In an effort to improve health care quality, safety, and outcomes, a large Midwestern health system representing 720,000 attributed members (including commercial, Medicare, and Medicaid populations) collaborated with Health Data & Management Solutions, Inc. (HDMS) to examine transition of care (TOC) data. This assessment examined discharges from skilled nursing facilities (SNF) that resulted in readmission to an acute care hospital within 30 days.
Hospitalizations associated with long-term care residents can be expensive and lead to negative outcomes for individuals in skilled nursing facilities, especially for the elderly and people with disabilities. Research has shown nearly a fourth of SNF stays result in a hospital readmission within 30 days of the initial admission, costing an average of $10,000 per hospitalization.¹
To provide residents with better care experiences and outcomes, the health system sought to assess all of its SNF stays taking place between the first acute and second acute stay. This measurement would provide the health system’s clinical leaders with a more complete picture of the number of admissions from or into a SNF. In addition, this patient-level data would provide the health system with actionable insights for advancing their quality initiatives and improving care, as well as identify preferred facilities based on their success in keeping patients from returning to the hospital.
The challenge the health system faced was linking several clinical events at the patient level and across time. To appropriately assess TOC data, the health system needed to identify all SNF stays, including transfers and multiple admissions. Using this information, they pinpointed the initial acute care hospitalization and determined if there was a subsequent readmission to an acute care facility within 30 days of the discharge date of the initial hospitalization. Further analysis required readmission rates—defined by the number of readmissions to acute care facilities divided by total SNF stays—to be broken out by patient type, facility, etc., to develop and drive quality improvement programs.
Working closely with the health system, HDMS created new metrics to account for and identify all SNF transfers.
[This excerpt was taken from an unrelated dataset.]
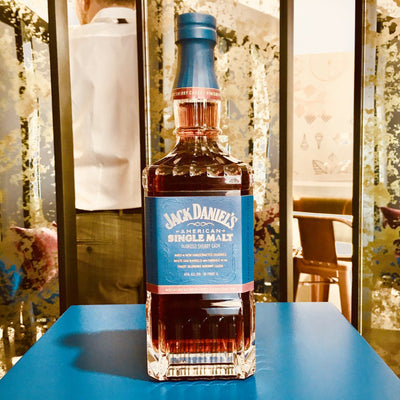 Jack Daniel’s American Single Malt Whiskey - Goro's Liquor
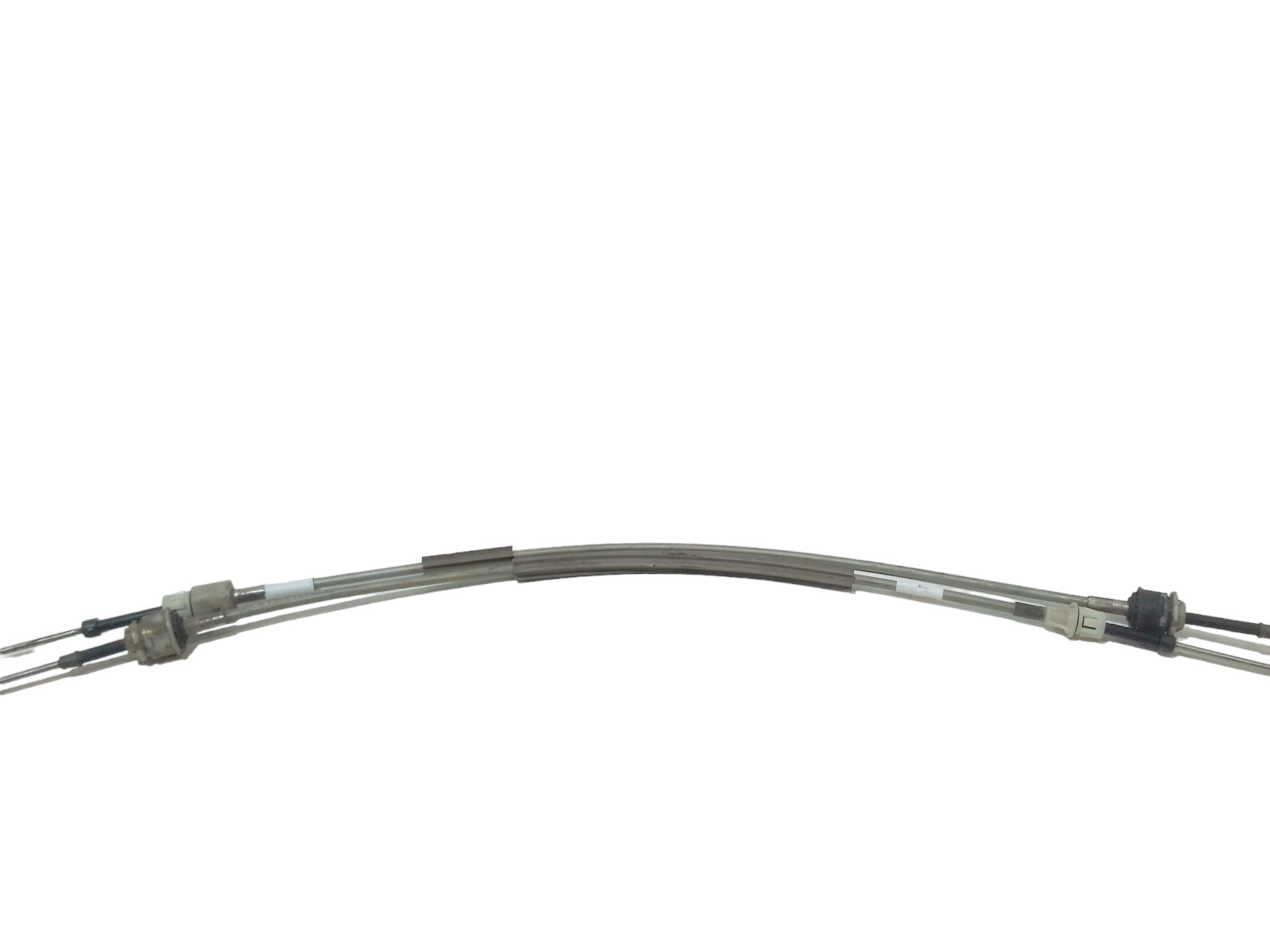 Kit Cavi Comando Leva Cambio Usato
These new metrics counted readmissions starting with the initial acute admission, SNF stay, and subsequent acute readmission within 30 days of initial discharge. HDMS’ flexibility in identifying all necessary SNF transfers data provided the health system with a comprehensive view of acute readmissions. The adjusted logic—including a SNF transfer in between admissions—resulted in more meaningful data to support the measurement and analysis of SNF quality and performance.
Upon implementation of the metrics, the health system was able to identify key insights that allowed for actions to reduce readmission rates. By expanding the analytic parameters for SNF readmission measure, the health system could more accurately assess readmissions, trends and SNF quality.
For example, the health plan uncovered overlooked readmissions that were not factored into the overall readmission rate. This data enabled the health plan to determine the true overall readmission rate, which was higher than previously understood. Armed with this new insight, the health system was able to better align resources and reduce its list of SNFs from approximately 100 facilities to a preferred set of 41 facilities with the best performance. This initiative increased the quality of care for the health system’s patients while reducing readmissions to acute care facilities and costs. The new SNF readmission measure has also been used in profiling quality across more than 400 physician groups within the health system’s network—resulting in similar positive changes being observed across the entire network.
¹Mor, V., Intrator, O., Feng, Z., et al.: The revolving door of rehospitalization from skilled nursing facilities. Health Af. (Millwood) 29(1):57-64, Jan.-Feb. 2010.